Trickier when it comes to Japanese noise bands. If we hate Japanese noise bands, then we want to be sure that everyone else hates them also.:lol: There, we're outta luck. Not everyone else does. So strong is the desire for unanimity here, that some people will fall back on the argument that anyone who likes Japanese noise bands is crazy (in the same way that anyone who reacts to an oak tree as if it were a huge monster out to destroy them and must be killed is crazy).

Good luck with that one!

*An interesting counter view to that is the story of Helen Keller, a perceiver with practically no perceiving apparatus. But, as Anne Sullivan was able to exploit, a perceiver is pretty full already, even without some of the apparatus (eyes and ears). It seems from that that if we want to find a real reality, it's more likely to be inside rather than outside!


----------



## emiellucifuge (May 26, 2009)

Oh dear it looks like you just cut yourself with that razor!


----------



## Polednice (Sep 13, 2009)

I think it's a non-sequitur to say that perceptive differences mean that reality exists in the interaction of objects and perception (I would be intrigued to hear exactly what degree of consciousness is required for a thing to be a perceiver as well - humans? Dogs? Single-celled organisms? Mechanical instruments?). Instead, I think it makes much more sense to say that there is an external physical reality independent of human consciousness which we happen to be unable to perceive in its totality.


----------



## mmsbls (Mar 6, 2011)

some guy said:


> Reality results when objects are perceived. Reality resides neither in the objects or in the perceiver but in the act of perception. "The world as it is out there" is just a bunch of unperceived objects with no meaning. Only when you get a perceiver perceiving do you have anything really real.

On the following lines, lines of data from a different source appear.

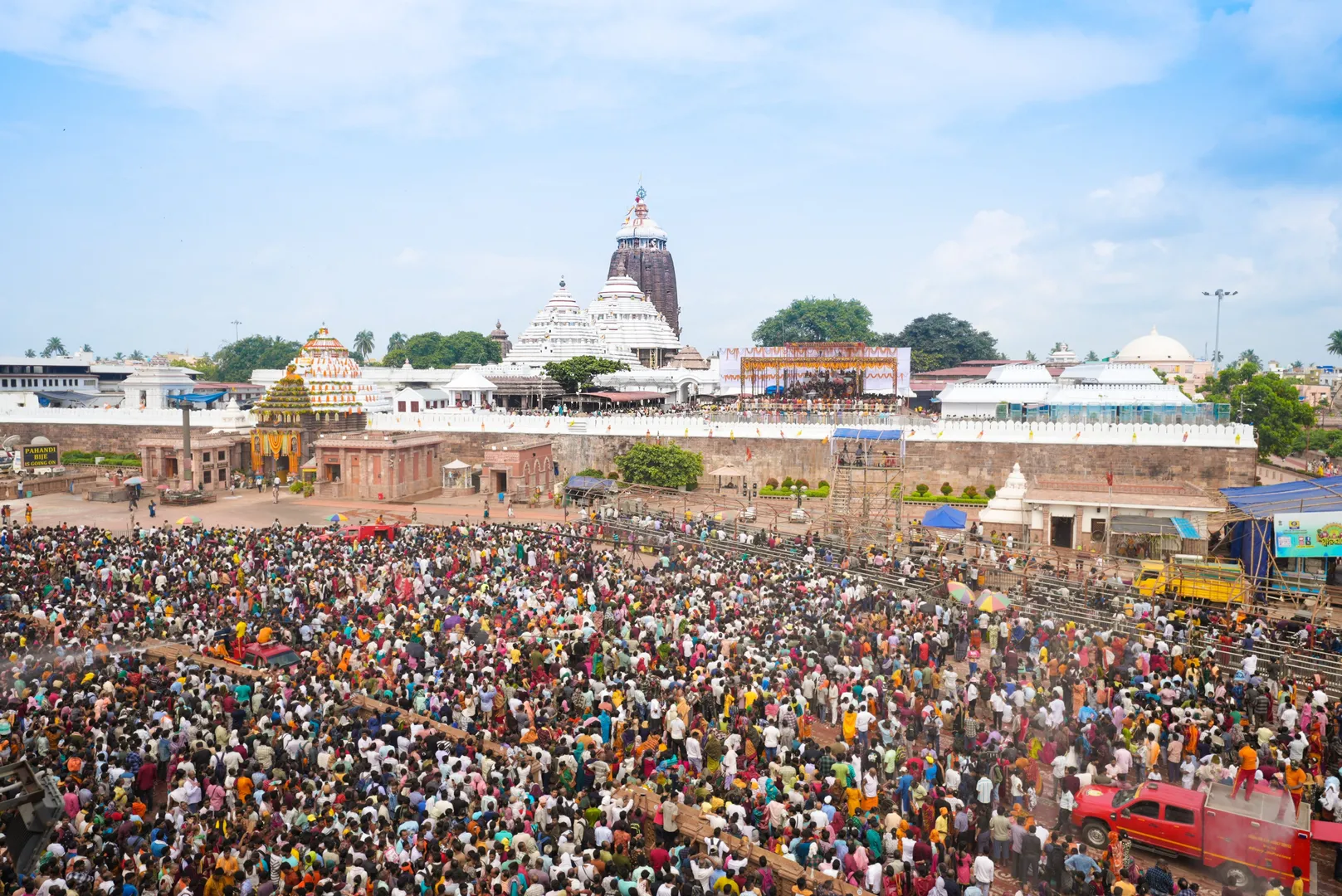 Puri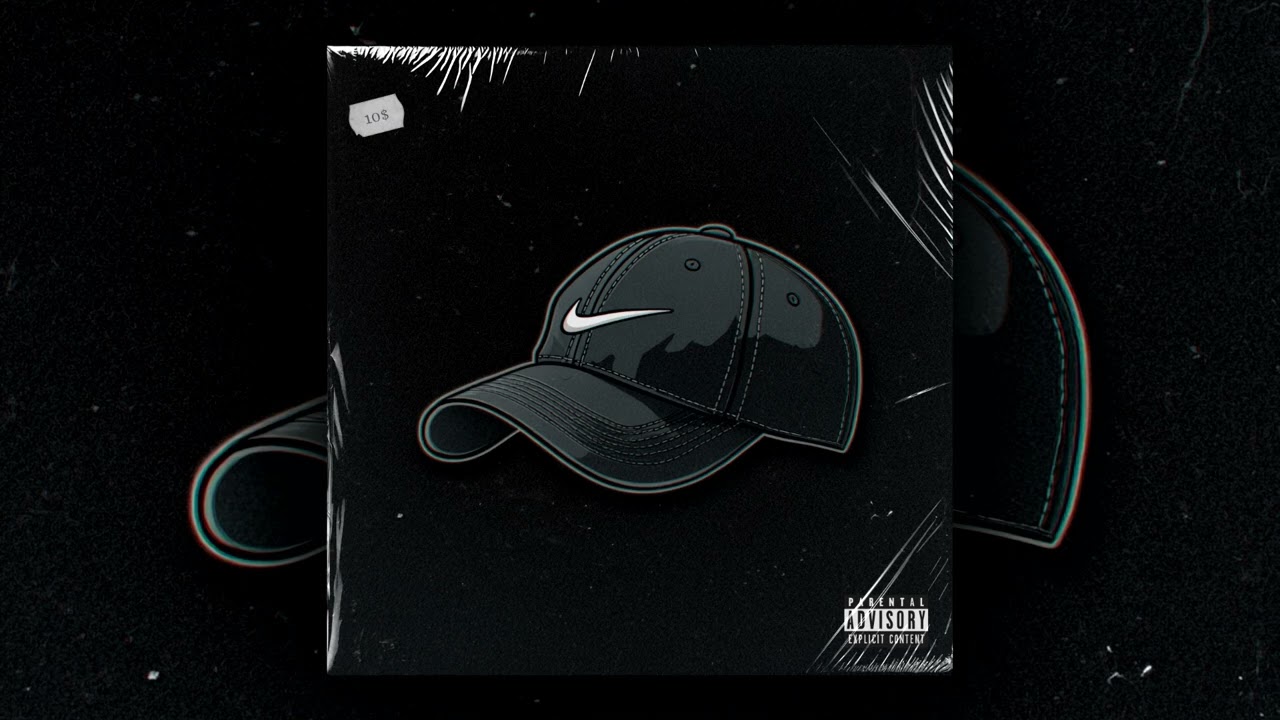 (FREE) Drake x Lil Baby Type Beat Numbers Thisboyisloco Beats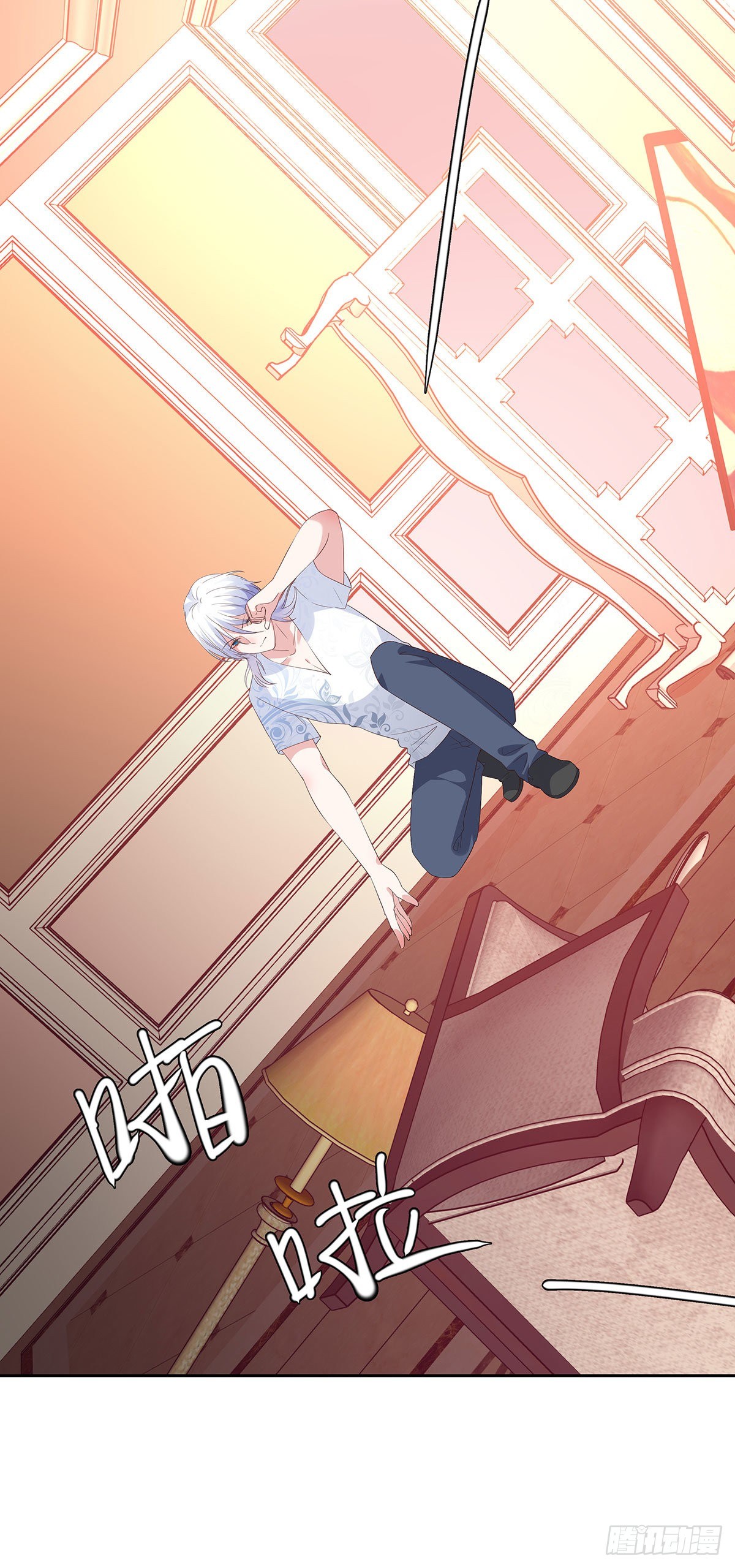 第六十五话-第66话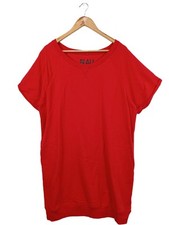 Blaumax schlauchkleid damen gebraucht kaufen  Berlin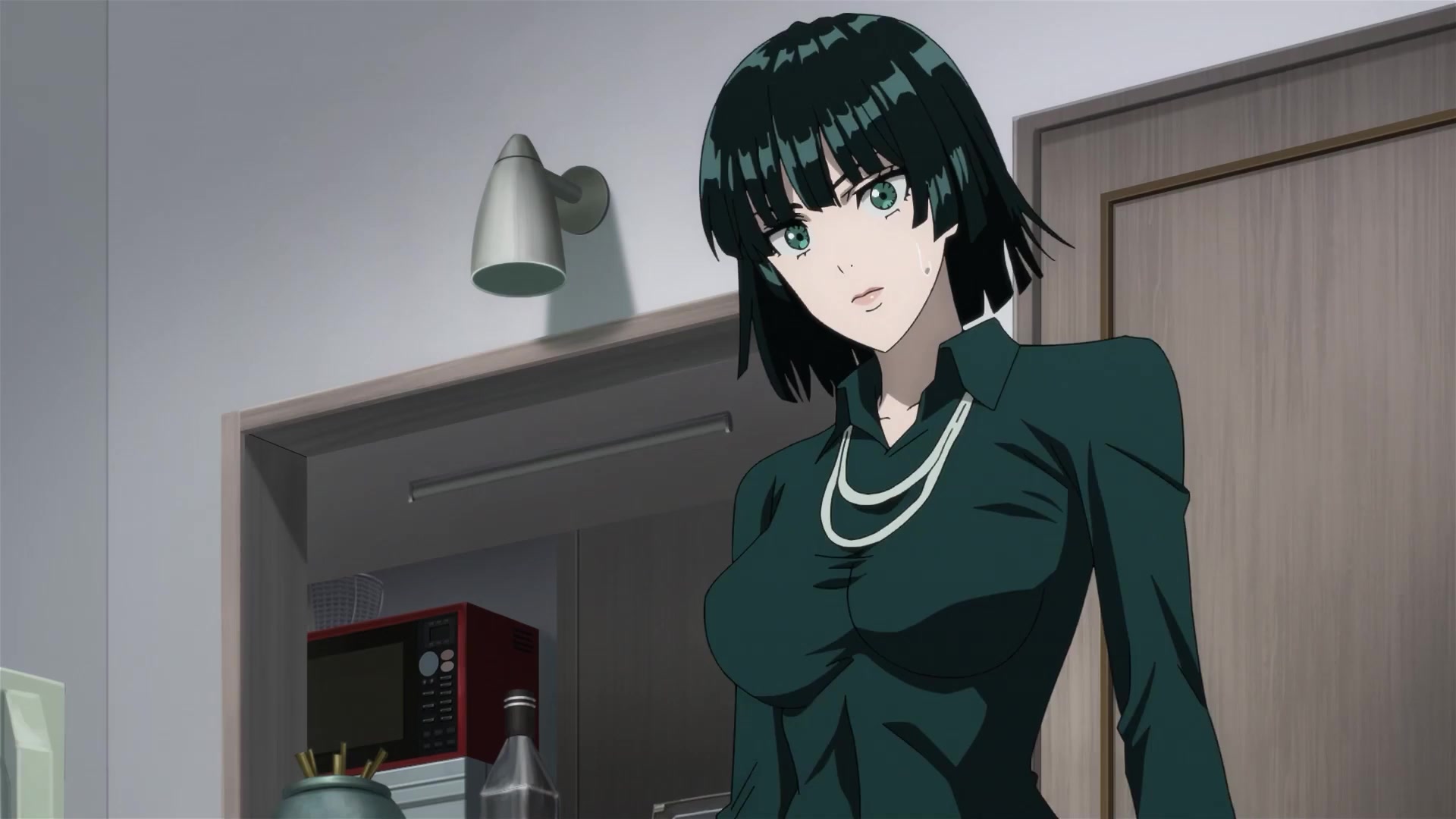 Erai_Raws_One_Punch_Man_2025_01_Repack_1080P_Cr_Webrip_Hevc_Aac (3).mp4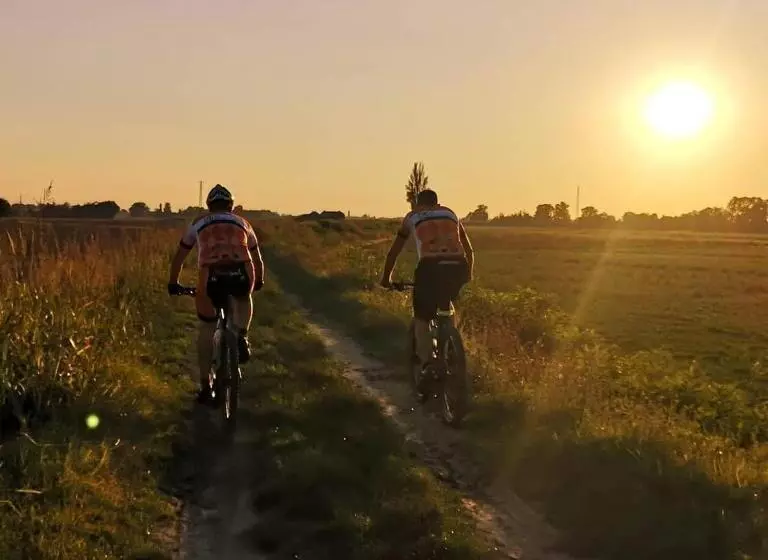 Majatalo Tlcafè Hospitality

You seem to be talking about two separate things - reality and meaning. You state that ' "The world as it is out there" is just a bunch of unperceived objects with no meaning'. That sounds like your are saying reality exists outside us, but perceivers are needed to create meaning. Then you say that perceivers are needed for anything to be real. I don't agree that real things exist only if they have meaning (i.e. are perceived and considered by, I guess, intelligent agents). I'm not sure what you believe.



some guy said:


> Different people perceive things differently.
> 
> It seems that most of the problems people have in conversations like this is accepting that fundamental fact (or in accepting that as a fundamental fact, I should say).


This is a trivial fact that everyone has known for a long time. Furthermore, everyone knows that the _same person_ perceives the same thing differently. If I look at a spoon and look at the same spoon in a glass of water, the spoon will seem bent in the second case but not in the first. If I look at my wife standing in front of me and then walk behind her and look again, I see perceive things.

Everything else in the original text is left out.